§ INFORMATION SHOWN
»»

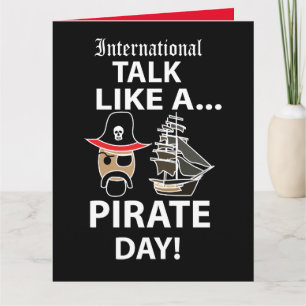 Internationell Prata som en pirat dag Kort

««
»»

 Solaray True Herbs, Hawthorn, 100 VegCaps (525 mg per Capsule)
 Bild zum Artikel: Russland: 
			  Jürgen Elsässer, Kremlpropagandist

««
»»

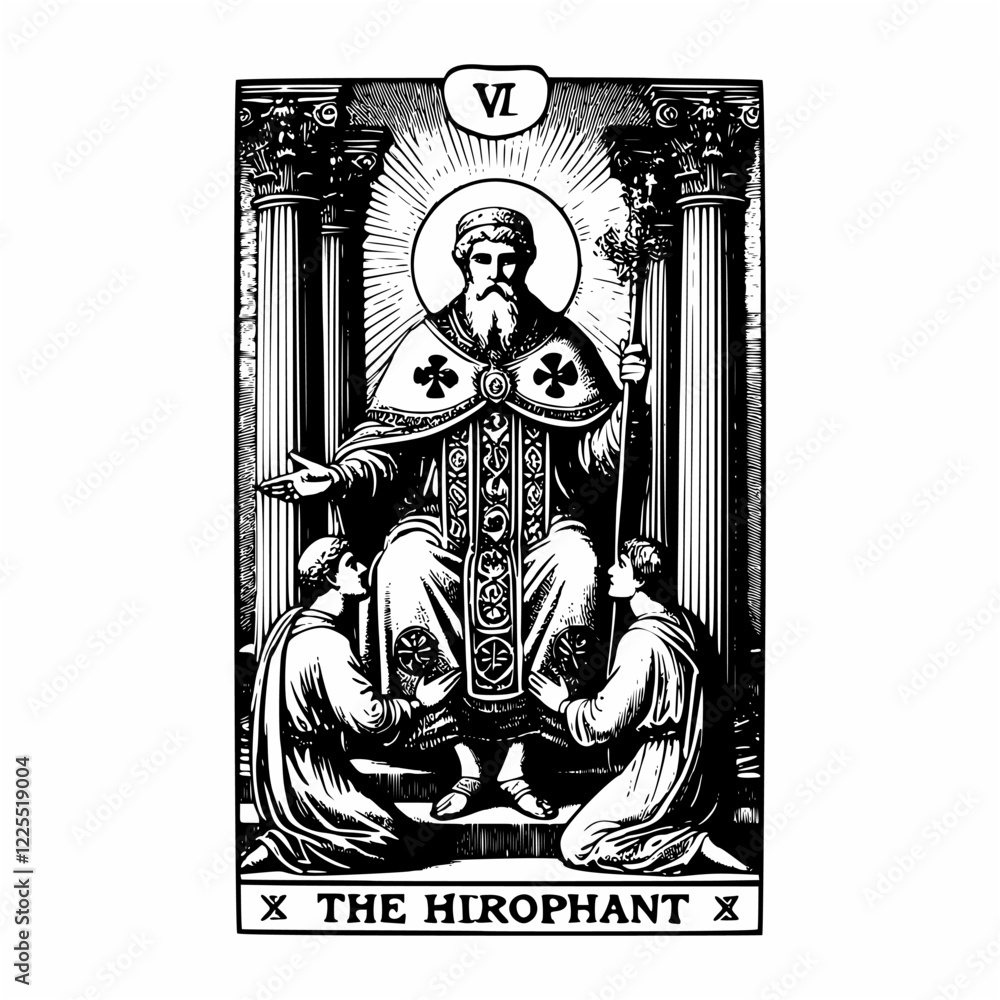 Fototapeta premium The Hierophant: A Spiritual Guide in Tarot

««

§ EXERCISE DETAILS
Give again, word for word, every line of the listing above from the one with "Solaray True Herbs, Hawthorn, 100" to the one with "Jürgen Elsässer, Kremlpropagandist", both inclusive, and nothing beyond them.

§ ANSWER TO THE PROBLEM
 Solaray True Herbs, Hawthorn, 100 VegCaps (525 mg per Capsule)
 Bild zum Artikel: Russland: 
			  Jürgen Elsässer, Kremlpropagandist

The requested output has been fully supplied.